Multi-Field Sorting

Sorting in a Nutshell

Greetings, fellow data enthusiasts! If you're perusing this, chances are you're no stranger to the enchanting world of sorting. Sorting is the art of meticulously arranging data in accordance with specific criteria. Most programming languages boast a trusty built-in function to tidy up unruly lists of data.

Picture this: you've got an array of numbers [1, 2, 4, 8, 1, 6, 3, 2, 6, 4] at your disposal. Now, when we talk about sorting (and we'll stick with the basic ascending order for now), this merry mishmash transforms into the orderly ensemble [1, 1, 2, 2, 3, 4, 4, 6, 6, 8]. In this case, the magic of sorting unfolds because you can discern which number plays second fiddle to another. In mathematical lingo, when handed two different real numbers, you can confidently declare one as the 'lesser' or 'greater' of the pair.

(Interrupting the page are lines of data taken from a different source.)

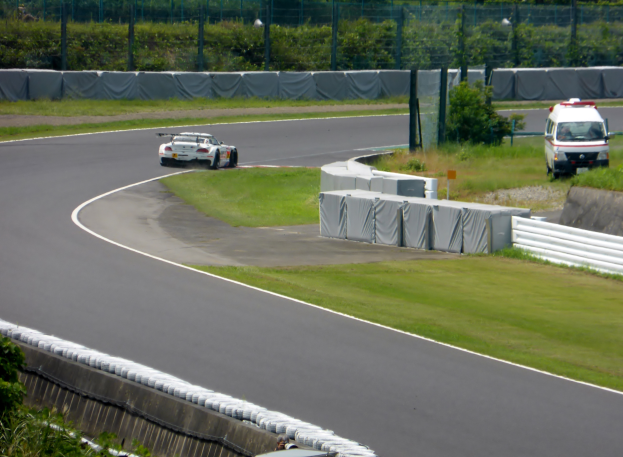 Ein Rennwagen fährt auf einer Rennstrecke mit einem Polizeiwagen im Hintergrund, umgeben von Gras, Pflanzen, Bäumen und einer Umrandung, mit einem Fahrzeug auf der rechten Seite und Text unten.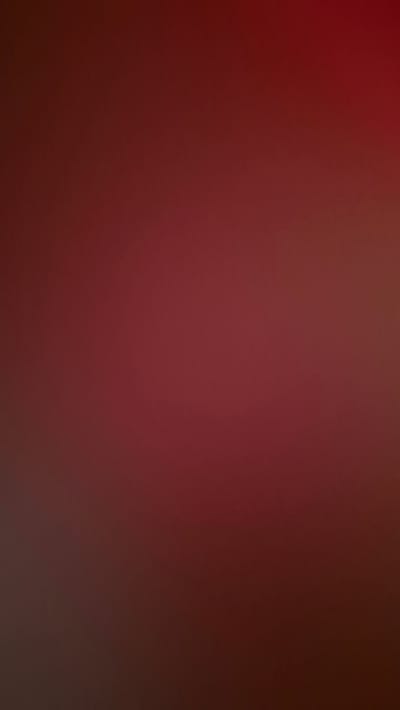 This is a digitally created, abstract image with a deep red, almost burgundy, gradient background. There are no discernable objects, people, or actions depicted. The image is uniformly blurred with slight variations in tone, suggesting a soft, diffused lighting effect. There is no specific location within Цярэніцкі сельскі Савет, Belarus, that this image represents, as it is an abstract creation.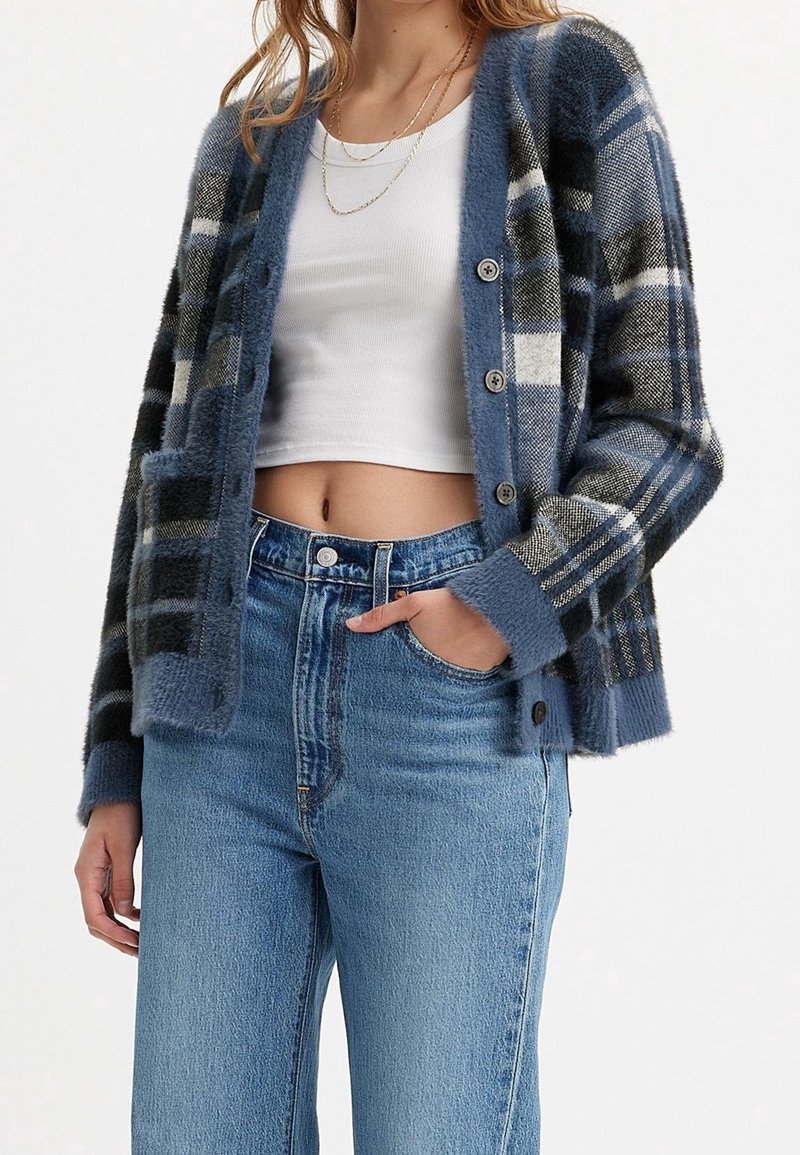 Karierte Strickjacke in Blau und Grau mit weicher Textur, Knöpfen und Taschen, kombiniert mit hoch geschnittenen blauen Jeans. Einfaches, lässiges Design.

The Challenge of Multiple Fields

Now, let's add a pinch of complexity to the mix, shall we? Enter complex numbers, the tricksters with not one but two components. Comparing two complex numbers isn't a walk in the park. Sure, you could measure their distance from the origin as a measure, but then you're neglecting the all-important angle! Once multiple fields come into play during sorting, devising a comparison algorithm becomes a bit of a head-scratcher.

Taming the String Symphony

Strings, oh sweet strings! Sorting these enchanting sequences of characters is a whole other ball game. After all, unlike a single character comparison where 'a' graciously concedes to 'b', and 'b' yields to 'c', strings are composed of myriad characters. But fret not, for you can indeed sort strings, which are essentially multi-field entities. We employ the magical lexicographic ordering method. In the realm of Python, you can even put two tuples of multiple numbers (or should we say, multiple fields) in the ring, and Python will referee the match using lexicographical rules.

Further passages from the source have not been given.